>>>>>
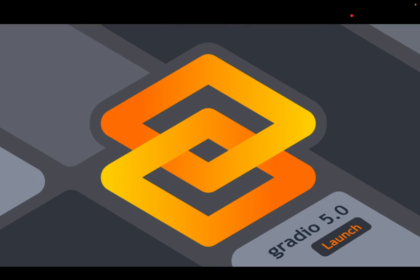Hello, everyone. My name is Abu Bakr, and I'm one of the core maintainers of Gradio. As you may have seen, we just launched Gradio 5.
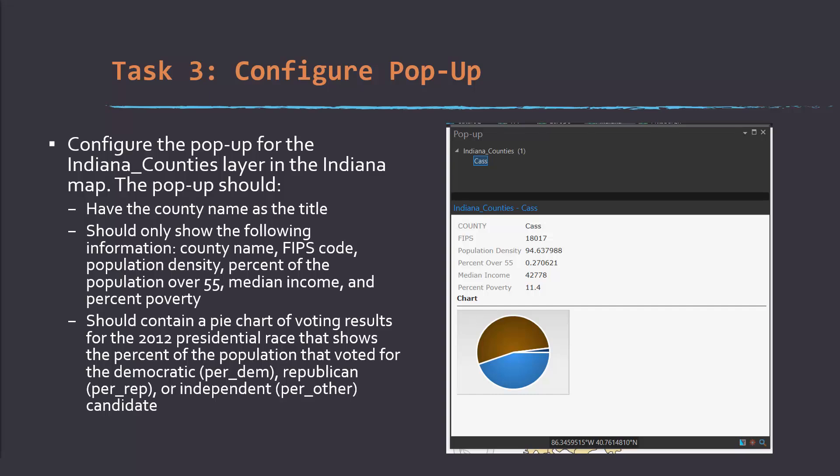Okay, so that brings us to the third task, which is to configure a pop-up. Step through this process and configure a pop-up for this Indiana Counties layer.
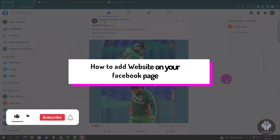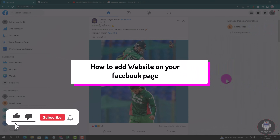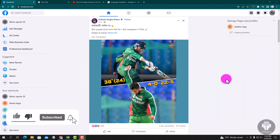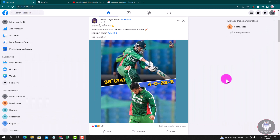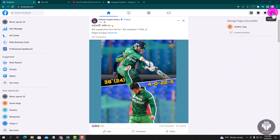Hello viewers, in this tutorial I will show you how to add a website on your Facebook page. First of all, open your Chrome browser and log in to your Facebook account, and switch to your Facebook page. Looking here in my Facebook page dashboard, look at the right corner.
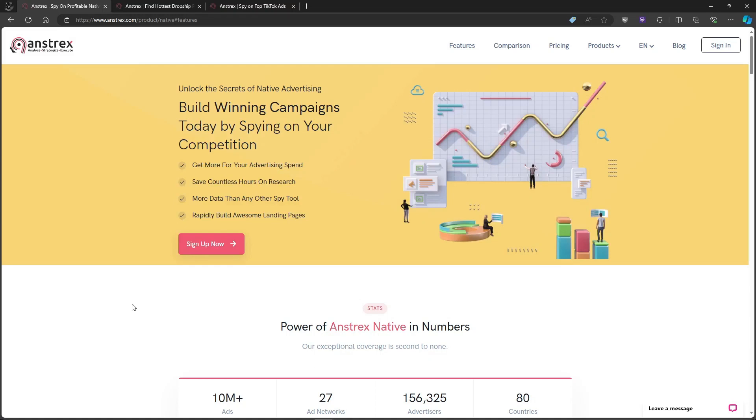Hey everyone! Today, we're diving deep into the world of competitive intelligence in advertising. We're talking about Anstrex. It's been hyped as the ultimate ad spy tool, but is it all sunshine and rainbows? Stay tuned because we're about to expose both the good and the bad about Anstrex, so you can decide if it's worth your hard-earned cash.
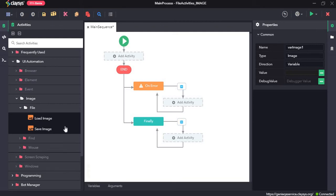Hi, welcome to the walkthrough of RPA Genie. In this walkthrough, we will learn about the file activities under the image section of UI automation.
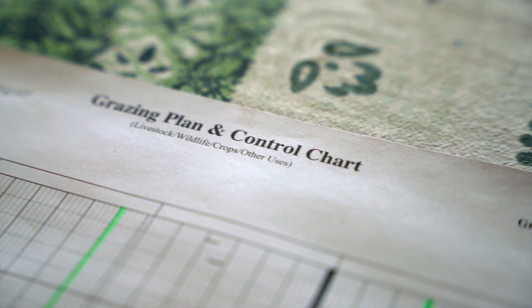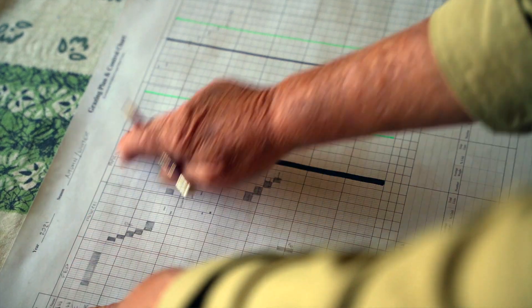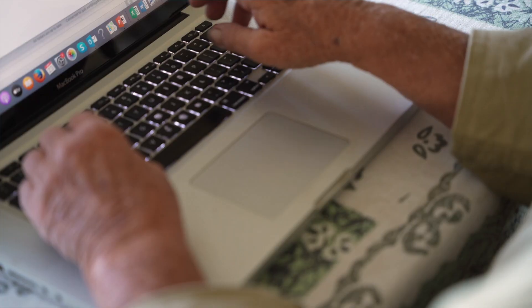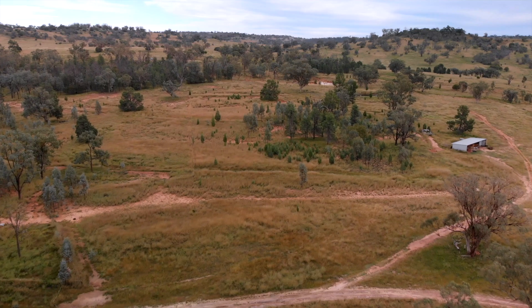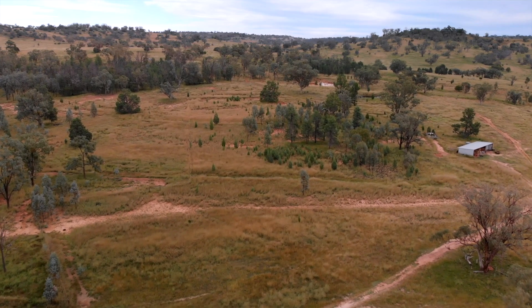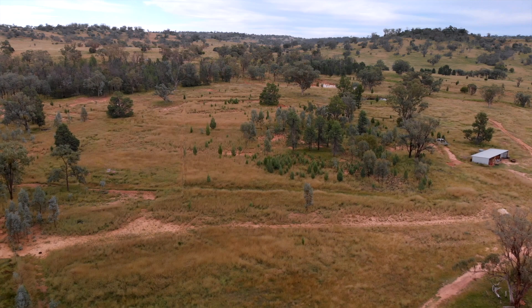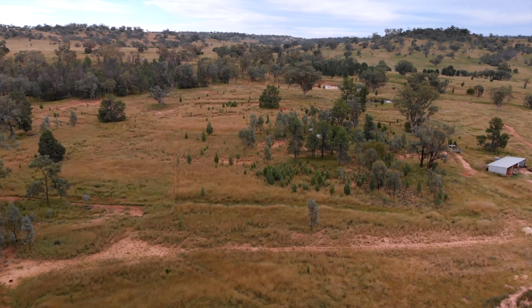The next module will cover planned grazing. The most important activity that you can complete is to actually do an active grazing plan. Once we go through the grazing plan, we'll also be discussing actual land planning — any sort of property planning or property development that might be needed to achieve effective grazing management on your property.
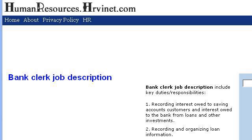Try also our second-ranked site www.humanresources.hrvinet.com, especially the page Bank Clerk Job Description, HR Management. This is the link.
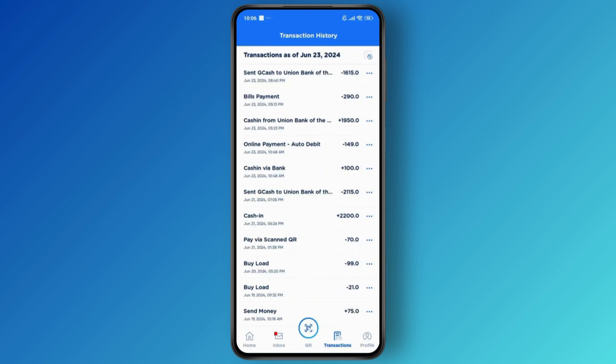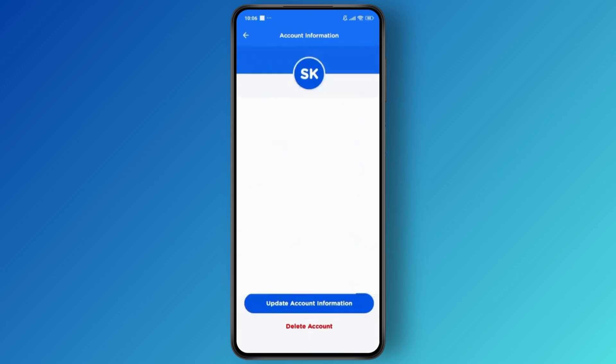But what you can do, if you want to get rid of everything and you are ready to do this by all means, then the only option to do that is to delete your account. For that, head over to your profile, tap on your profile icon, and then you'll have an option to delete your account.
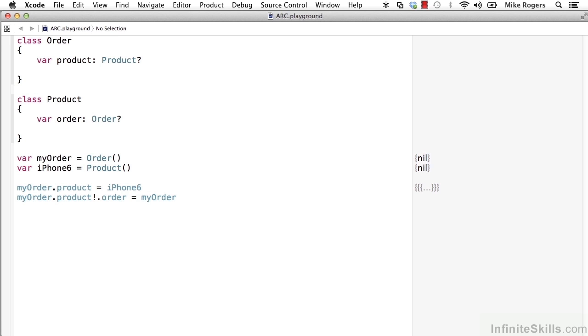The order instance has a strong reference in its product variable to the iPhone 6 instance. And then the myorder.product.order has a strong reference from that product instance back to the original order.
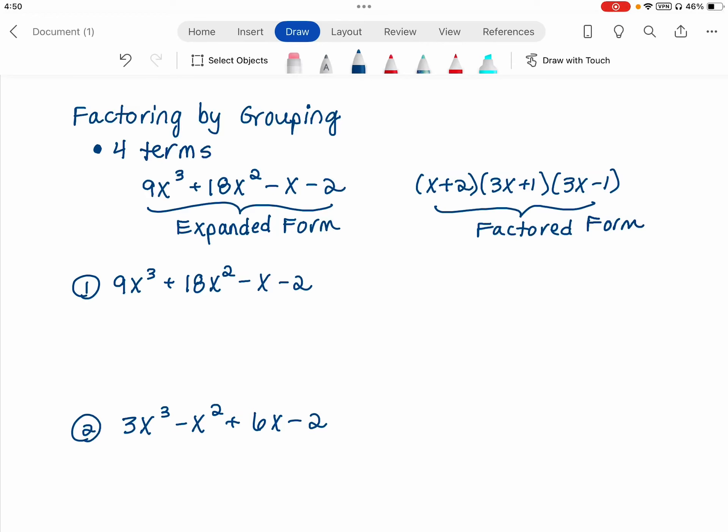Welcome to this video. We're going to talk about factoring by grouping, and this is a process you want to use when you have four terms. So you have four terms that you're dealing with, and you're trying to get it into factored form.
<<<<<
● **Work instruction**: Restate exactly, please, only the lines between the start of the data and the line containing "Okay, so that", both ends included, skipping the pictures.

● **Result of this task**:
Hello, everyone. My name is Abu Bakr, and I'm one of the core maintainers of Gradio. As you may have seen, we just launched Gradio 5.
Okay, so that brings us to the third task, which is to configure a pop-up. Step through this process and configure a pop-up for this Indiana Counties layer.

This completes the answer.